Y hay un caso menos técnico pero igual de real: cuando vas a cambiar el uso de la nave o a ampliarla. Si tienes pensado reformar a fondo, subir la cubierta, abrir lucernarios o modificar la geometría, a veces no tiene sentido rehabilitar lo existente para tocarlo todo al poco tiempo. En esas situaciones conviene planificar la cubierta nueva dentro del proyecto global. Nuestra postura es sencilla: si rehabilitar es coser y cantar te lo decimos, y si vemos que no compensa, también. Preferimos un cliente bien aconsejado a una venta a corto plazo.

Preguntas frecuentes

Estas son las preguntas que más nos hacen quienes dudan entre rehabilitar la cubierta de su nave o hacerla nueva.

  • ¿Puedo poner panel sándwich sobre la chapa vieja? Sí, es la sobre-cubierta, siempre que la estructura soporte el peso añadido.
  • ¿Y sobre fibrocemento? A veces sí, pero depende del estado y de la normativa de amianto; hay que asesorarse con un técnico autorizado.
  • ¿Me quedo sin techo durante la obra? Con la sobre-cubierta no: se monta encima sin destapar la nave.
  • ¿Rehabilitar siempre es más barato?
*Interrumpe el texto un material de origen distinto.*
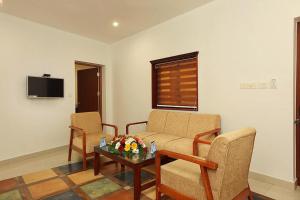 ein Wohnzimmer mit einem Sofa, 2 Stühlen und einem Tisch in der Unterkunft Eloor Tourist Home in Ernakulam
A corto plazo suele serlo, pero si la estructura está tocada puede salir más a cuenta rehacerla.
  • ¿Cuánto ahorro en energía? Depende del uso, pero pasar de chapa simple a panel aislante reduce mucho el consumo de climatización.
  • ¿Me dais precio del material? Sí, te damos el panel a medida y te orientamos; el montaje lo presupuesta el instalador.